→ **WHAT IS BEING ASKED**: Your answer must be the lines from the one containing "Dolce & Gabbana DG2233 12866G Gunmetal/Grey" through the last line below, copied exactly, with no pictures.
*** DATA Section Begins ***
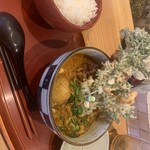 スープカレー奥芝商店 - 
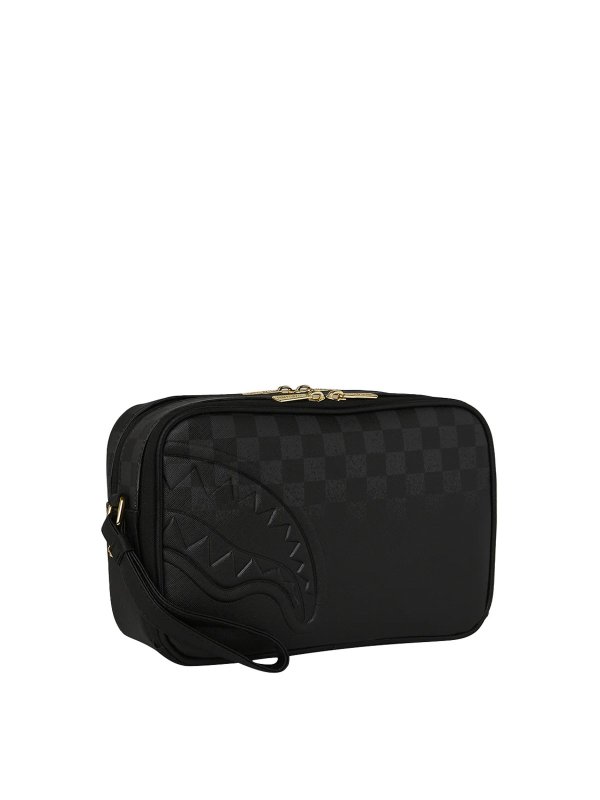 SPRAYGROUND: スーツケース＆旅行鞄 online - 旅行鞄 - 黒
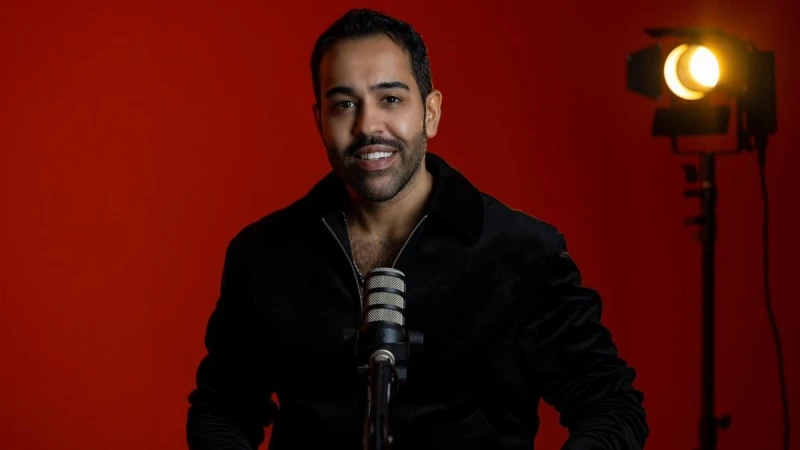 "اه ياصداعي" أحدث مفاجآت جاسم محمد لجمهوره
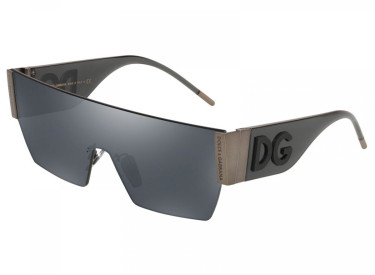 Dolce & Gabbana DG2233 12866G Gunmetal/Grey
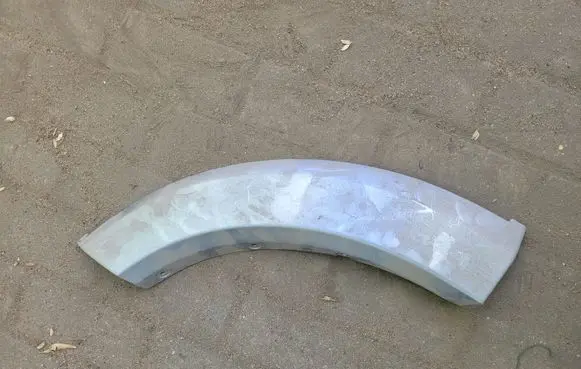 Mitsubishi Outlander Rear door trim (molding) MN175074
*** DATA Section Ends ***
→ **RESPONSE**:
 Dolce & Gabbana DG2233 12866G Gunmetal/Grey
 Mitsubishi Outlander Rear door trim (molding) MN175074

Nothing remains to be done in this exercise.